Organizator
Sponsorzy

Opis spotkania nr 502

Opis spotkania nr 502

Data, godzina czwartek 23 sierpień 19:00
Grupa 5
Kolejka 21
Obserwator cinek/
Drużyna gospodarzy BASKECIORZE
Drużyna gości ODFRONTU TEAM
Uwagi -
Wyniki po kwartach Punkty zdobyte w kwartach
Drużyna 1 kw 2 kw 3 kw 4 kw
BASKECIORZE 26 51 67 93
ODFRONTU TEAM 16 47 75 100
Drużyna 1 kw 2 kw 3 kw 4 kw
BASKECIORZE 26 25 16 26
ODFRONTU TEAM 16 31 28 25

Opis spotkania

dzisiejszą krótką relację pozwole sobie rozpocząć od przytoczenia kawałeczka przepisów, dedykują to pod rozwagę obecnym na meczu innym obserwatorom, komentującym moje decyzje.
Głównie dwie rzeczy, te ważniejsze.
1/ w momencie wykonywania rzutów wolnych nie ma obowiązku opuszczania powierzchni wewnątrz pola rzutów za 3 przez innych graczy, zarówno jednej jak i drugiej drużyny. Dlaczego ? otóż dlatego że tak stanowi "interpretacja nowych zapisów odnośnie fauli" : "rzuty wykonuje się bez ustawiania zawodników do zbiórki i dobijania (samemu)..." i dalej " w trakcie rzutów pozostali zawodnicy nie mogą pomagać ani przeszkadzać, zawodnik oddaje odpowiednia liczbę rzutów w trakcie których pozostali zawodnicy nie mogą dobijać ani zbierać piłki w przypadku gdy rzut będzie niecelny" - ja nie widze innych zapisów to regulujących, więc dla mnie niekoniecznie muszą wychodzić ale na pewno nie mogą przeszkadzać. Obojętnie czy stoją w polu, na połowie czy pod drugim koszem. Ostateczna interpretacja zachowań należy do obserwatora.

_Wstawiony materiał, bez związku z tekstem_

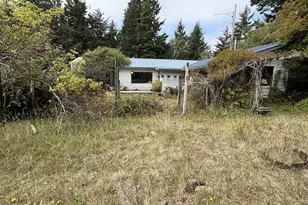 45088 Hwy 101, Sixes, OR 97476 - Photo 15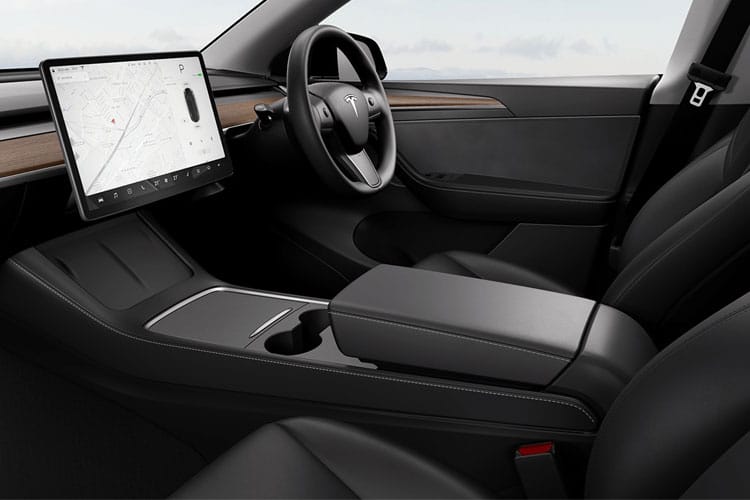 TESLA MODEL Y HATCHBACK Long Range TESLA MODEL Y HATCHBACK Long Range
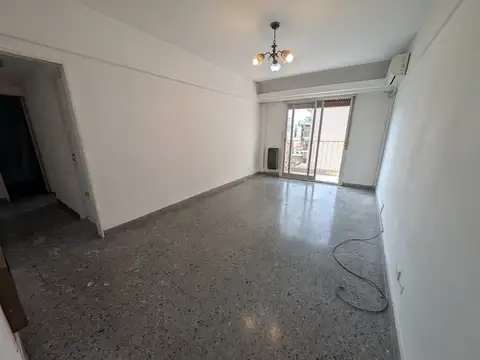 ALQUILER DEPARTAMENTO 3 AMBIENTES COCHERA CUBIERTA  C/Frente balcón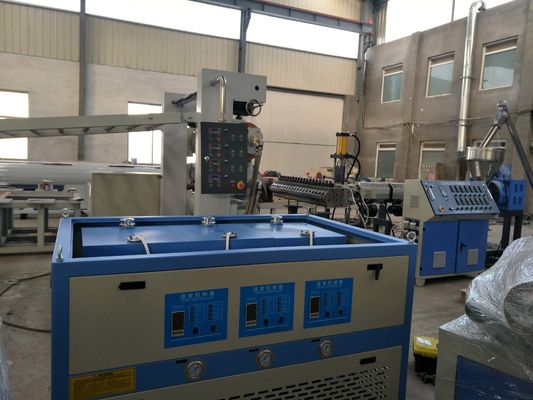 سعر جيد ديكور PVC خط إنتاج المجلس الحرة WPC PVC آلة مجلس رغوة 1220mm العرض الانترنت
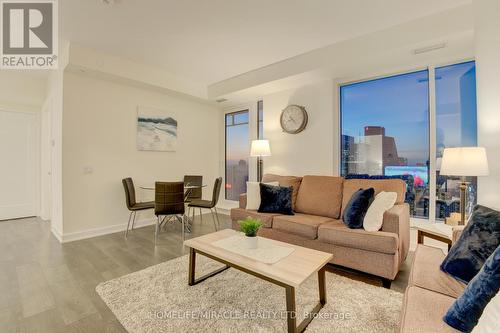 5307 - 28 Freeland Street, Toronto, ON - Indoor Photo Showing Living Room
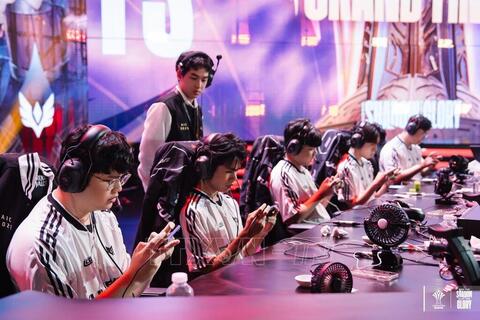 Đội Full Sense lên ngôi vô địch thế giới, Thái Lan được dự báo sẽ cạnh tranh HCV ESport tại SEA Games 33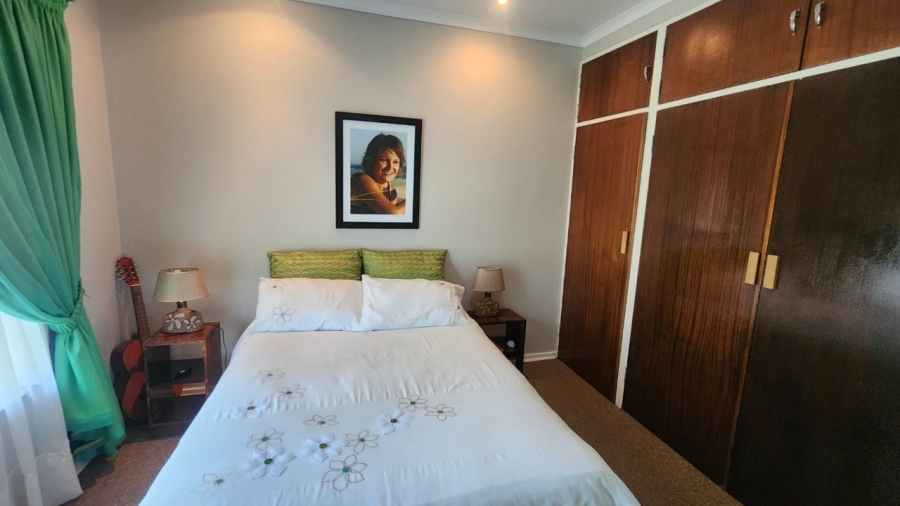 4 Bedroom Property for Sale in Robinpark Gauteng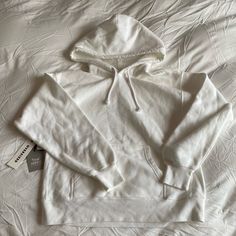 Aritzia Tna Cozy Af Boyfriend Hoodie White Size 1 New With Tags Oversized Fit Boyfriend Hoodie, Aritzia Tna, Hoodie White, Colorful Hoodies, White Hoodie, Oversized Fits, Color White, Womens Tops, Sweatshirts Hoodie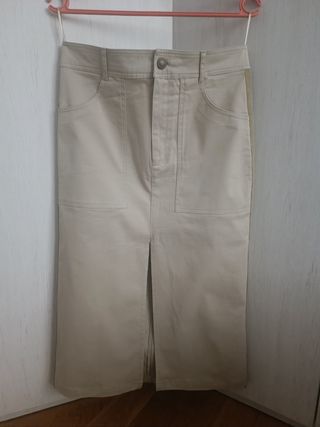 Falda midi Zara beige/camel bolsillos cargo Talla 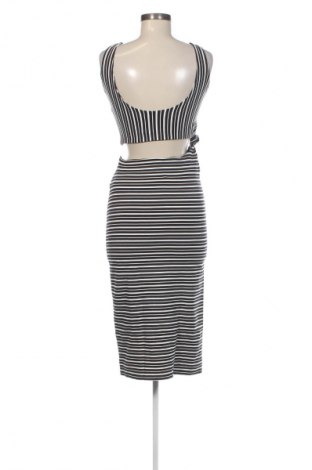 Kleid Zara Trafaluc, Größe M, Farbe Mehrfarbig, Preis € 33,99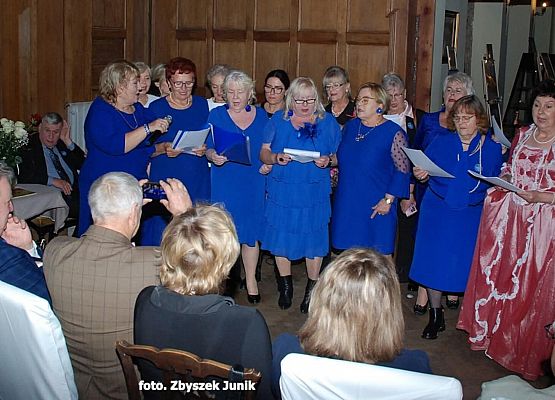 Grafika 3: W PAŁACU W GRĄBKOWIE odbyła się Wielka Gala Projektu  ,,Artystyczny UTW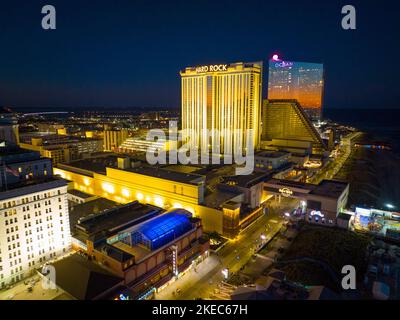 Hard Rock Hotel, Showboat und Ocean Casino Resort am Boardwalk bei Nacht in Atlantic City, New Jersey NJ, USA. Stockfoto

2/ ocena sytuacji na boisku dotycząca np kroków, podwójnych czy innych rzeczy niebędących faulem, bo to akurat zgłasza tylko faulowany i jest jasność. Natomiast w innych przypadkach ja osobiście staram się stosować do zasad regulaminu. A napisane w nim jest że :
a/ par 5 pkt 10 "Wydarzenia na boisku (z wyjątkiem fauli) oceniać mogą jedynie zawodnicy znajdujący się w grze i to na ich podstawie decyzje podejmuje obserwator"
b/ par 5 pkt 12 "Uwagi zawodników rezerwowych, kibiców oraz osób postronnych nie będą uwzględniane przez obserwatora"
c/ par 5 pkt 13 "Zdarzenia powinny być zgłaszane niezwłocznie po ich wystąpieniu, a zgłoszone zbyt późno (np. z powodu wyczekiwania na rozwój sytuacji) nie będą przez obserwatora uznawane" - i ten punkt wg mnie jest w tym przypadku najważniejszy. Powiedzenie błędu najpierw z ławki a następnie przez kogoś z boiska jest wg mnie właśnie oczekiwaniem na rozwój sytuacji i ja osobiście nie biorę tego pod uwage. Mam nadzieje że robie dobrze, a sytuacji takich znowu zbyt wiele nie ma.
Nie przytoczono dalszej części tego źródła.